The official statistics for the volume of construction work undertaken in the private housing repair and maintenance sector show a more or less continuous fall since a peak in late 2002, as can be seen from the first graph.

This jars with most people’s experience and with other observations of industry performance, particularly evidence from builders’ merchants.

There are various possible reasons why this data may be at fault. It is an extremely tricky sector to monitor.

Here are some of the stronger possible explanations for why the data might not be reflecting what is actually happening on the ground.

Noble Francis, the economics director at the Construction Products Association, has raised doubts about the deflators used to convert the cash value of work recorded into a volume output. These are doubts I share.

And a further issue, very much related, has been put to me by James Hastings, the head of construction research at data business Experian. He is concerned that the deflators may not have adjusted well to potential increases in specification.

Meanwhile, I have pointed to the coincidence of the surge in workers from the EU ascension countries with the point at which the data starts to become “unbelievable”.

This is a rather complicated argument that goes something like this.

The former construction survey used to include an estimated figure for what it described as unrecorded output. The current survey does not. Unrecorded output would be that undertaken by firms too small to sample.

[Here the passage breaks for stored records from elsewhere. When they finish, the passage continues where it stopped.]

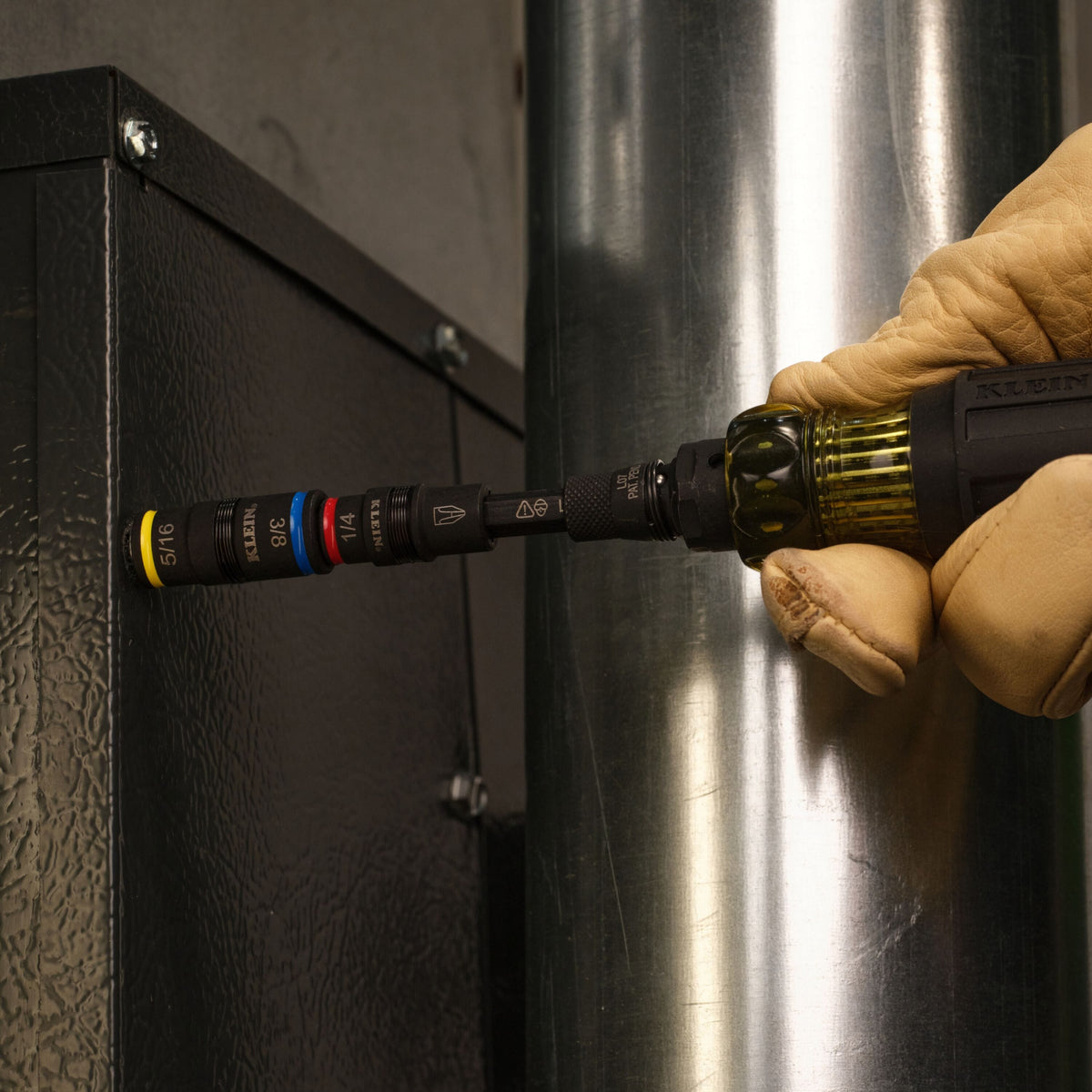 Contractor using the Klein Tools 32517HD screwdriver with 5/16-inch flip socket to secure an HVAC metal equipment cabinet panel.
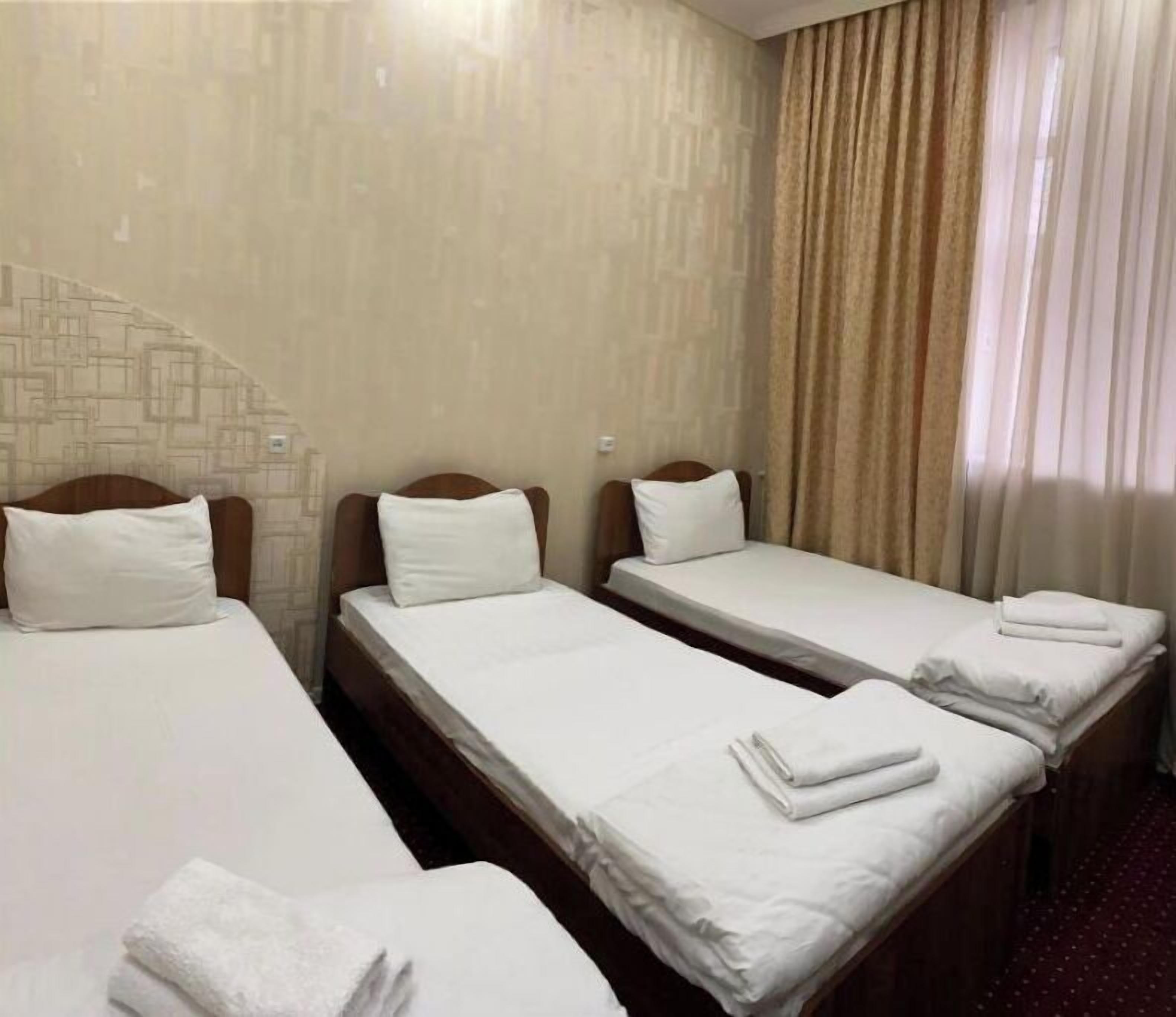 Habitación de hotel con tres camas individuales, cada una con sábanas y almohadas blancas. La habitación tiene una pared con diseño y una ventana con cortinas.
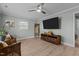 Bright living room with hardwood floors and ceiling fan at 5088 Christian Light Rd, Fuquay Varina, NC 27526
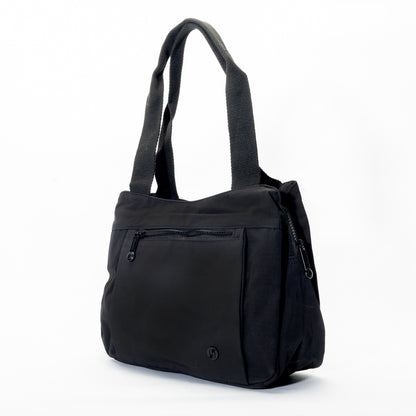 The Miss Caprice Nylon Shoulder Bag Tote is a black, lightweight bag with two straps and a front zip pocket.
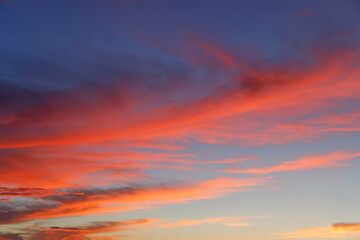 日の出が雲に映り込む朝焼けの空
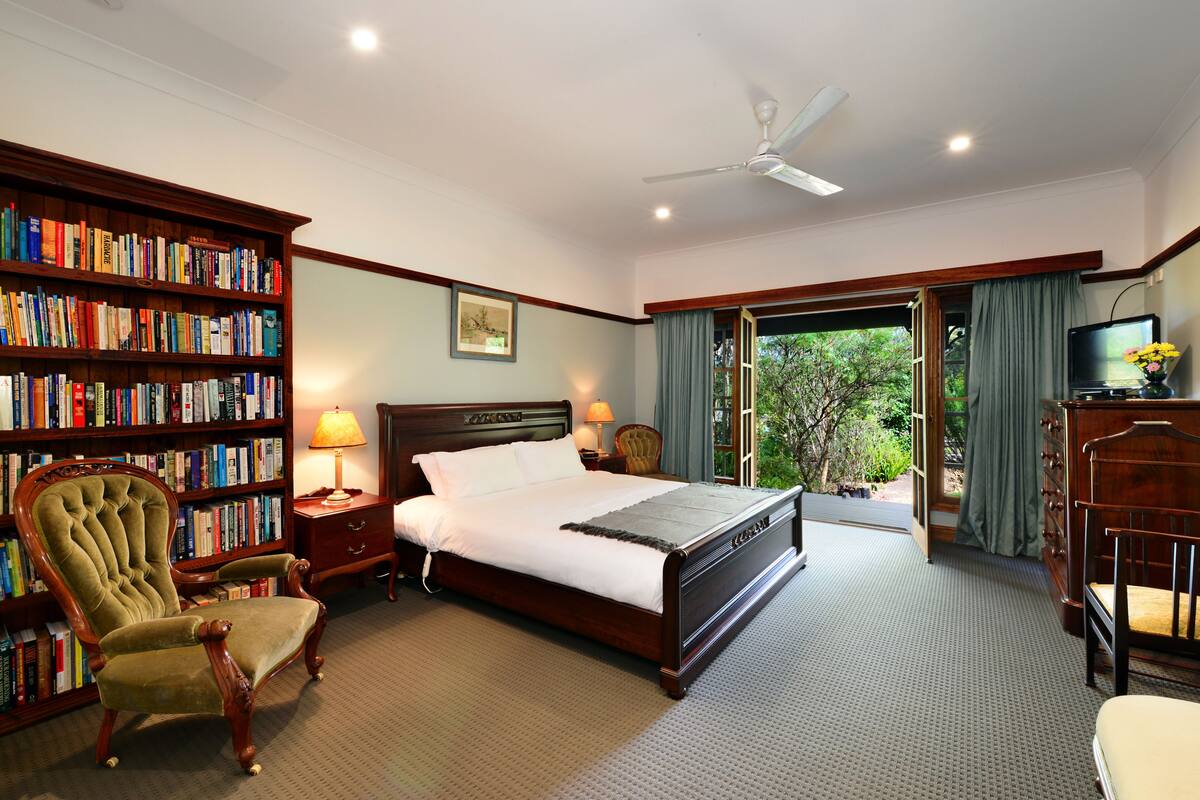 Une chambre à coucher avec un grand lit, une bibliothèque en bois, une chaise, un bureau et un téléviseur.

To get an estimate the Government’s business department BIS used Labour Force Survey data.

Clearly if migrant workers were underrepresented in the LFS survey, being harder to pick up because a lot of newcomers live in houses of multiple occupancy (HMOs), this would probably lead to an underestimation in the amount of unrecorded output.

This problem, were it to exist, would be most evident in private housing repair and maintenance, where a higher proportion of work is undertaken by one-man-band operations.

This issue has been in part explored by the Office for National Statistics and I’ll not be following that argument here.

I will focus on the issues of deflators and specification.

I decided to look at the private housing repair and maintenance figures from the other end of the telescope, the consumer rather than the construction firm.

The reasoning was that while the data may not be measuring exactly the same things, it would potentially throw up discontinuities and oddities.

And so it does.

What is noteworthy is just how similar the data is when recorded on a current price (cash) basis. From 1997 to 2003 the data follows a similar path, albeit that the consumer trends data is running at about 25% or so higher.

The relationship does, however, appear to become more disconnected after 2003.

But on the basis of the pre-2003 data it seems reasonable to assume that there is a broad similarity between the sets of figures.

Things become very interesting when we look at the respective constant price data – that is the data adjusted using deflators to take account of inflation within the sector.

The third graph shows how, on the consumer trends figures, private housing repair and maintenance work held up through to mid 2007, or put another way until the credit-crunch. This is in stark contrast to the construction output series.

What we see is that between 2002 and the recession the consumer trends data suggests much more work was done in the sector than the construction output figures would suggest.

A rough calculation suggests that if we adjusted for this divergence the output in constant prices in 2006 and in 2007 would have been about £2 billion higher each year.

This (conveniently for me) fits with my view that the peak of construction output was higher than the figures have suggested and the drop during the recession deeper.

I have put together a further graph looking at what happens to the current price data for private housing repair and maintenance from the construction output series if we apply the different deflators.

Interestingly the recent data matches well. But there does seem to be a “transition” from 2002 to 2007.

Now, here it might be worth looking at the notion suggested by James Hastings that there might have been a shift in the average specification during this period, which might lie behind the rather strong deflators applied to the construction output data over that period.

One simple explanation might be that we moved from “Changing Rooms” to “Grand Designs” and everyone upspecked their work.

But leaving assumptions based on TV habits to one side, if we look to the data we see that there is a strong argument to suggest that there may have been an increase in the specification of private housing repair and maintenance work.

The Family Spending data show (see graph below) that over the past few years the poorer families have reduced their spending on housing repair and maintenance relative to the richer families.

So we are seeing a greater proportion of the private housing repair and maintenance undertaken for the richest families. While we cannot know from these figures that this means that there has been a rise in the average specification of the work, it seems a reasonable assumption.  

Either way what we have is sufficient evidence to support the views of both Noble Francis and James Hastings and certainly plenty of cause for further investigation.

It may seem to some that the accuracy of the historic data is purely of academic interest. That would be a wrong assumption.

Policy makers will draw conclusions from this data and if it is inaccurate or misleading then the chances are that the policy decisions will be the wrong ones.

Not that good data necessarily leads to good policy making. But it helps.